> **What to work on**:
Once the line containing "Panduro Bright Multi-Colour" is reached, copy it and every line after it exactly, to the end of the material, without pictures.

Start of Data to use

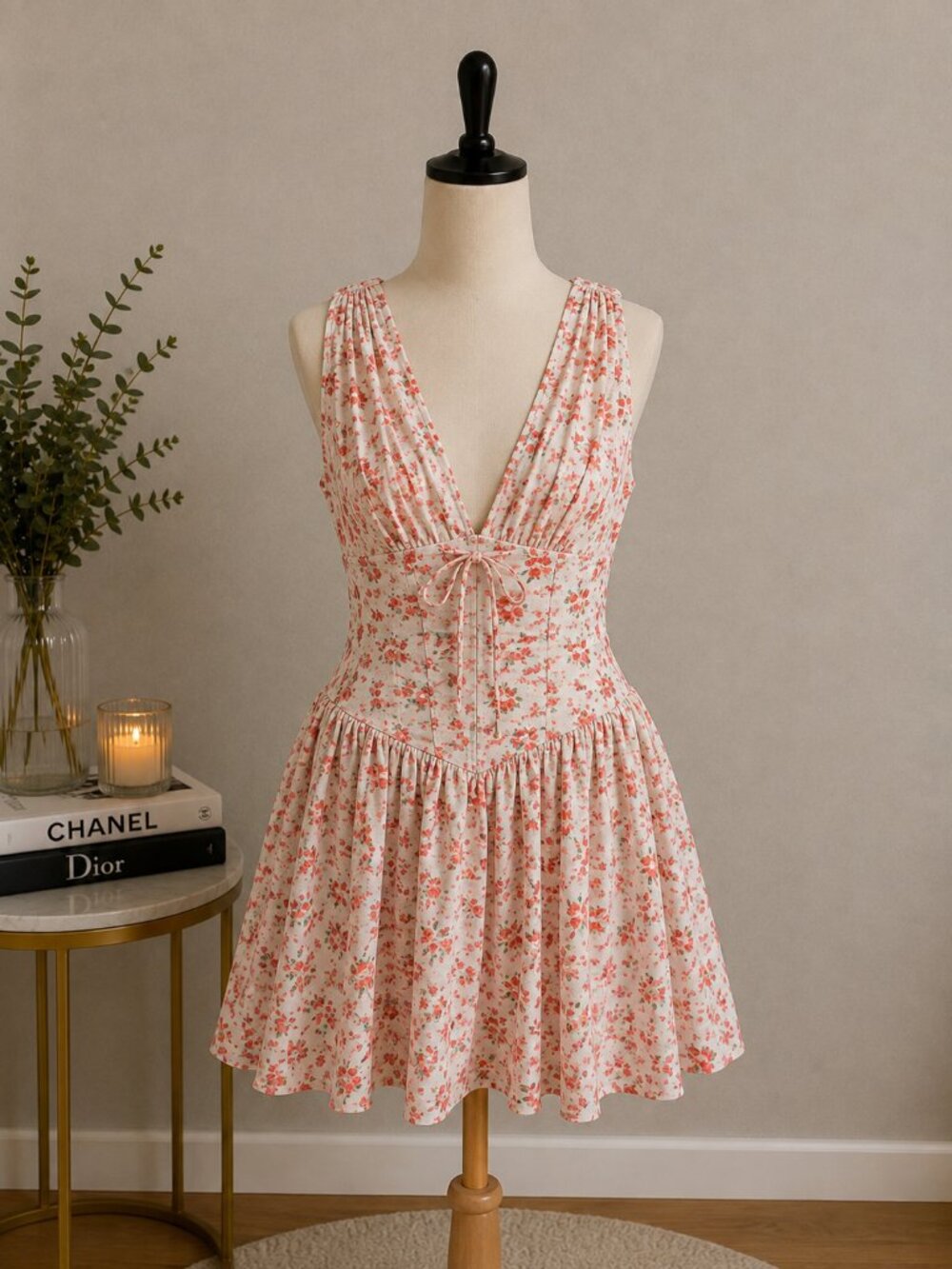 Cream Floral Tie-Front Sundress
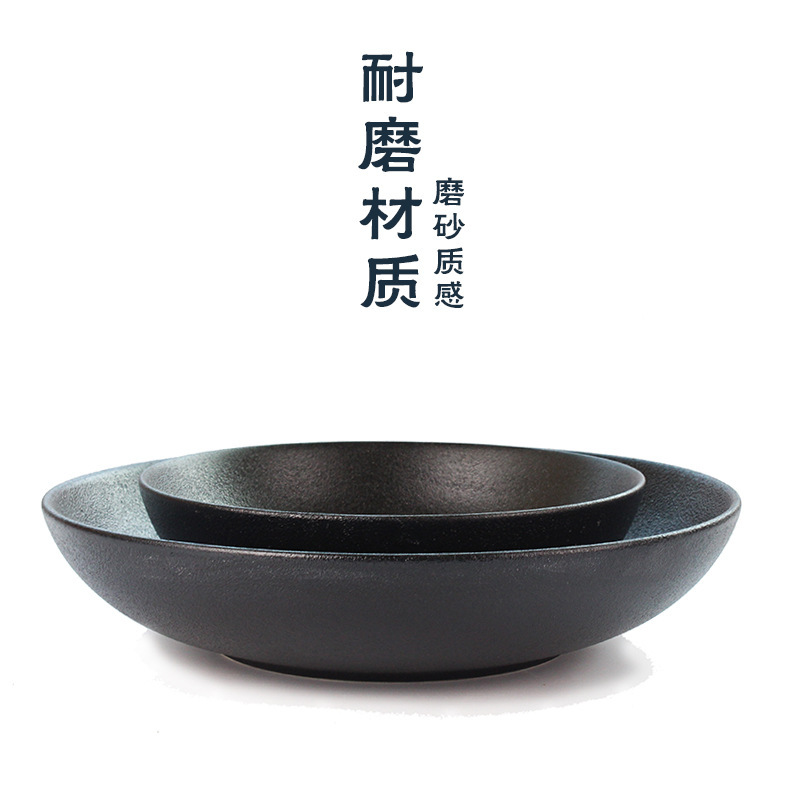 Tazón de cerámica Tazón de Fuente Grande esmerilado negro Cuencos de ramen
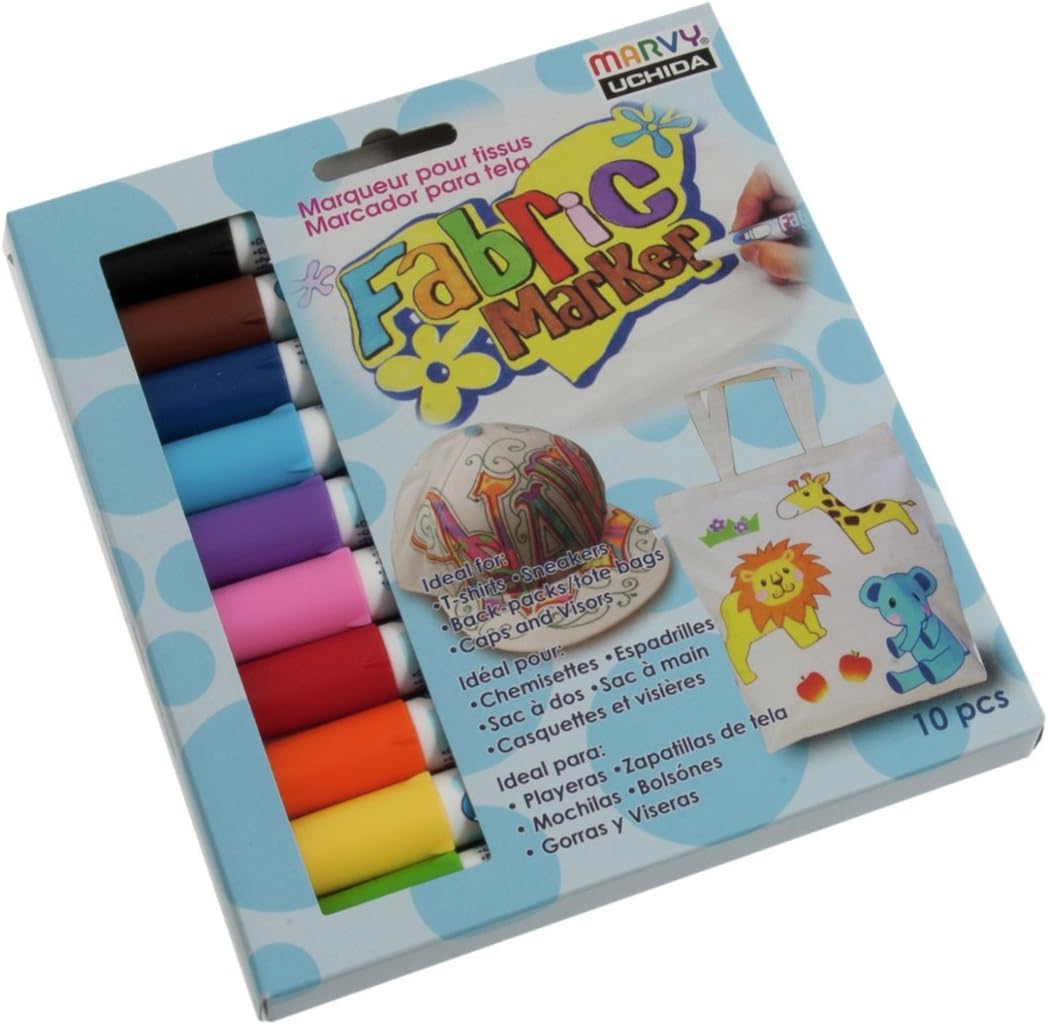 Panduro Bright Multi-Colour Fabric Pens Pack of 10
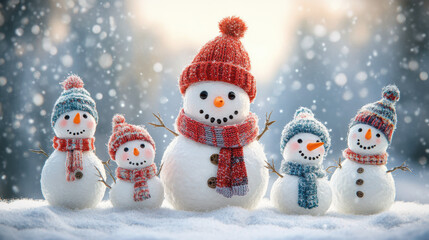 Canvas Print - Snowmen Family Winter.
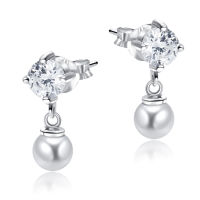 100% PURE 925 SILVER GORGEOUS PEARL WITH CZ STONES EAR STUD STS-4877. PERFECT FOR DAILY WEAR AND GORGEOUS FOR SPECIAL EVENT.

End of Data to use

> **Result below**:
 Panduro Bright Multi-Colour Fabric Pens Pack of 10
 Canvas Print - Snowmen Family Winter.
 100% PURE 925 SILVER GORGEOUS PEARL WITH CZ STONES EAR STUD STS-4877. PERFECT FOR DAILY WEAR AND GORGEOUS FOR SPECIAL EVENT.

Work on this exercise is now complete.